On Mon, Nov 12, 2018 at 10:08:10AM -0800, Elijah Newren wrote:
> > I would do:
> >
> > git log --raw $(
> > git cat-file --batch-check='%(objectsize:disk) %(objectname)'
> > --batch-all-objects |
> > sort -rn | head -3 |
> > awk '{print "--find-object=" $2 }'
> > )
> >
> > I'm not sure how renames enter into it at all.
>
> How did I miss objectsize:disk?? Especially since it is right next to
> objectsize in the manpage to boot? That's awesome, thanks for that
> pointer.
>
> I do have a separate cat-file --batch-check --batch-all-objects
> process already, since I can't get sizes out of either log or
> fast-export. However, I wouldn't use your 'head -3' since I'm not
> looking for the N biggest, but reporting on _all_ objects (in reverse
> size order) and letting the user look over the report and deciding
> where to stop reading. So, this is a big and expensive log command.

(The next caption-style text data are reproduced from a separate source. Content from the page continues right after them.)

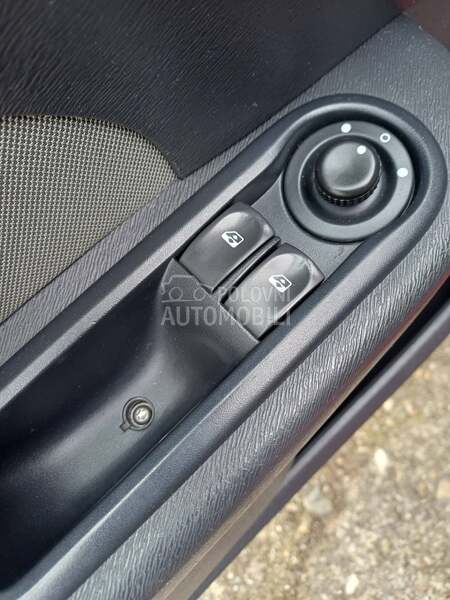 Renault Twingo 1.5 dCi CH INITIALE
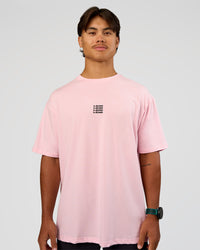 Man wearing Everyday Elevation FLXCotton Oversized Tee - Marshmallow-Black | Model:George | Size:M | Thumbnail Index: 1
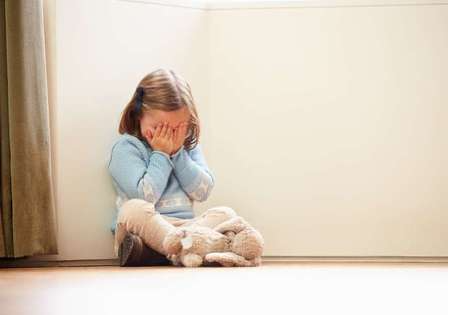 با روان آسیب دیده کودکان چه کار کنیم؟
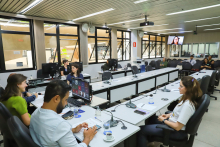 parlamentares e participantes presentes em audiência pública na câmara municipal de bh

> Granted, we will need a big and expensive log command, but let's keep
> in mind that we have this one.
It is an expensive log command, but it's the same expense as running
fast-export, no? And I think maybe that is the disconnect.
I am looking at this problem as "how do you answer question X in a
repository". And I think you are looking at as "I am receiving a
fast-export stream, and I need to answer question X on the fly".
And that would explain why you want to get extra annotations into the
fast-export stream. Is that right?
> > There I think you'd want to assemble the list with something like "git
> > log --follow --name-only paths-of-interest" except that --follow sucks
> > too much to handle more than one path at a time.
> >
> > But if you wanted to do it manually, then:
> >
> > git log --diff-filter=R --name-only
> >
> > would be enough to let you track it down, wouldn't it?
>
> Without a -M you'd only catch 100% renames, right? Those aren't the
> only ones I'd want to catch, so I'd need to add -M. You are right
> that we could get basic renames this way, but it doesn't cover
> everything I need. Let's use this as a starting point, though, and
> build up to what I need...
No, renames are on by default these days, and that includes inexact
renames. That said, if you're scripting you probably ought to be doing:
git rev-list HEAD | git diff-tree --stdin
and there yes, you'd have to enable "-M" yourself (you touched on
scripting and formatting below; diff-tree can accept the format options
you'd want).
> I also want to know when files were deleted. I've generally found
> that people are more okay with purging parts of history [corresponding
> to large ojbects] that were deleted longer ago than more recent stuff,
> for a variety of reasons. So we could either run yet another log, or
> modify the command to:
>
> git log -M --diff-filter=RD --name-status
>
> However, I don't just want to know when files were deleted, I'd like
> to know when directories are deleted. I only knew how to derive that
> from knowing what files existed within those directories, so that
> would take me to:
>
> git log -M --diff-filter=RAD --name-status
>
> [Edit: I just saw your other email and for the first time learned
> about the -t rev-list option which might simplify this a little,
> although "need to worry about deleted files being reinstated" below
> might require the 'A' anyway.]
Yeah, I think "-t" would help your tree deletion problem.
> At this point, let's remember that we had another full git-log
> invocation for mapping object sizes to filenames. We might as well
> coalesce the two log commands into one, by extending this latest one
> to:
>
> git log -M --diff-filter=RAMD --no-abbrev --raw
What is there besides RAMD? :)
> I could potentially switch to using this and drop patch 10/10.
So I'm still not _entirely_ clear on what you're trying to do with
10/10. I think maybe the "disconnect" part I wrote above explains it. If
that's correct, then I think framing it in terms of the operations that
you'd be able to perform _without running a separate traverse_ would
make it more obvious.
> Anyway, I hope it makes a little more sense why I created this patch.
> Does it, or have I just made things even more confusing?
Some of both, I think.
> ...and if you've read this far, I'm impressed. Thanks for reading.
I'll admit I skimmed near the end. ;)
-Peff